Now that you understand what might have caused your original gravity to be too low, let us look at how you can correct it. Luckily, you can correct the original gravity pretty easily by adding the dry malt extract. Here is the Brad Smith basic mathematics formula for calculating the amount of DME to add.

• Start by calculating the difference between your expected original gravity and the original gravity you have ended up with.
• Multiply the result by 1000 to get a reading in points. For instance, if you expected an original gravity of 1.060 but you ended up with an original gravity of 1.035, it means you have a difference of 25 points.
• A difference of 25 points in original gravity means you will have to add 25 points of dry malt extract in one gallon.
• Assuming that you want a final yield of 1.3 gallons, it means you will need 25 x 1.3 points of dry malt extract, which is 32.5 points.
• Considering the dry malt extract’s potential is 1.046, it means it will contribute 46 points for every pound added.
• Now that you need 32.5 points, it means 32.5 / 46 to obtain 0.71 pounds, which is the quantity of dry malt extract that you need to add to the wort.

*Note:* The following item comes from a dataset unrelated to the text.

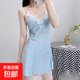 新款蕾絲吊帶睡裙女純欲風(fēng)夏季冰絲韓版ins風(fēng)睡衣 裙AAA14-藍色【單吊帶】 L【建議95-115斤】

## When Do I Add the Dry Malt Extract?

You will have two opportunities during the brewing process to add the dry malt extract. Here are the opportunities:

### Add the Dry Malt Extract at the End of the Boil

The formula that we have explained above assumes that you will be reading your original gravity at the end of the boil. Adding the dry malt extract at the end of the boil means you will need to extend the boil time by around 10 minutes to sanitize the dry malt extract that you have just added.

The downside of this method is that the added time will affect the IBUs, and you might end up with a bitter beer than you expected. To prevent this effect on the IBUs, it is advisable to take the gravity reading around 15 minutes before the boil.

This will allow you to add the dry malt extract during the last 10 minutes, which is the recommended sanitization time.

### Add the Dry Malt Extract Before the Boil

In this method, you make gravity corrections before the boil, which means you will need to take the gravity reading after the mash. Here is how to do it:

1. Start by calculating the gravity points you are targeting. For instance, if your recipe has a target original gravity of 1.065 and a post-boil volume of 1.3 gallons, it means your beer will require 85 gravity points to be able to achieve the 1.3 x 65 mark.
2. If your gravity reading is 1.035 before the boil, multiply the 35 points by your kettle’s pre-boil volume. That way, you will be able to calculate the gravity in your kettle. For instance, if your kettle has 2.2 gallons, the total points are 2.2 x 35 = 77.
3. If you deduct your current gravity from your expected gravity, you will get 8 points (85 – 77 = 8).
4. Remember that the dry malt extract comes with a potential of 46 points, and so you will need to divide 8 by 46 to obtain the DME pounds you need. In this example, you will need to add 0.17 pounds of dry malt extract (8 / 46 = 0.17).

## What Will I Do if I Have Added Too Much Dry Malt Extract and the Original Gravity Is Too High?

If you got your DME measurements wrong and have added too much dry malt extract making the original gravity too high, you can dilute with water. Thanks to Brad Smith, here is a formula that will help you calculate the amount of water to add.

• If you wanted an original gravity of 1.060 but you ended up with 1.065, take the points of your current original gravity and multiply them by the final volume.
• For instance, if the volume is 1.3 gallons and you have 84.5 points, divide 84.5 / 60 to get the amount in gallons. In our case, it is 84.5 / 60 = 1.41.
• Deduct the volume you were targeting from this volume to get how much water to add. In our case, it is 1.41 – 1.3 = 0.11 gallons.